● DATA IN THIS EXERCISE:
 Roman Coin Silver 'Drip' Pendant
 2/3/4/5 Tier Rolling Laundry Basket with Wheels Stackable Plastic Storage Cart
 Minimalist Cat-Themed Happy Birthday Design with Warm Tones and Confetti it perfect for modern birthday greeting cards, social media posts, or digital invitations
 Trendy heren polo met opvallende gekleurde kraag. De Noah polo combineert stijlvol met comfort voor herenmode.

---

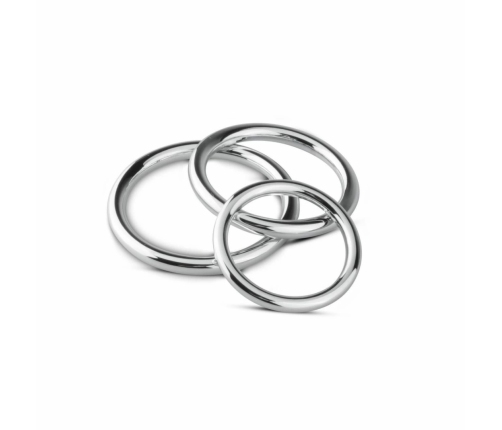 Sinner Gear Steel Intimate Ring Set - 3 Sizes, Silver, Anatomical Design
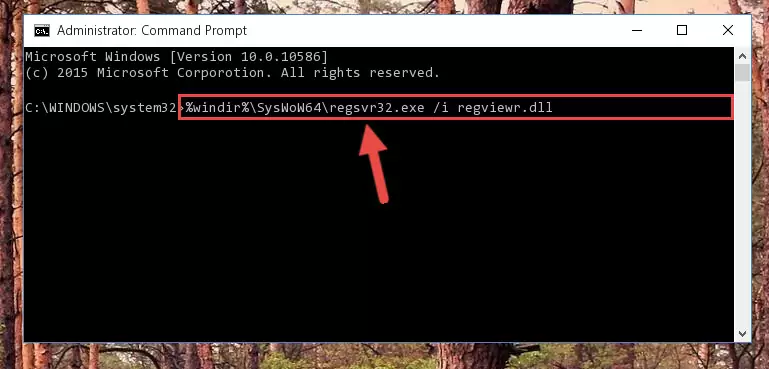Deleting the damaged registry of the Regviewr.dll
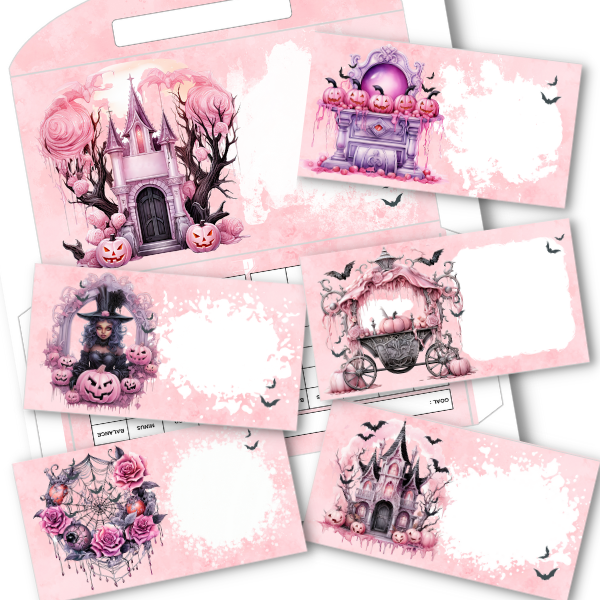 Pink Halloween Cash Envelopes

● AIM OF THE TASK: The answer must consist of every line from the listing above that includes the word "with".

● SOLUTION FOR THIS EXERCISE:
 2/3/4/5 Tier Rolling Laundry Basket with Wheels Stackable Plastic Storage Cart
 Minimalist Cat-Themed Happy Birthday Design with Warm Tones and Confetti it perfect for modern birthday greeting cards, social media posts, or digital invitations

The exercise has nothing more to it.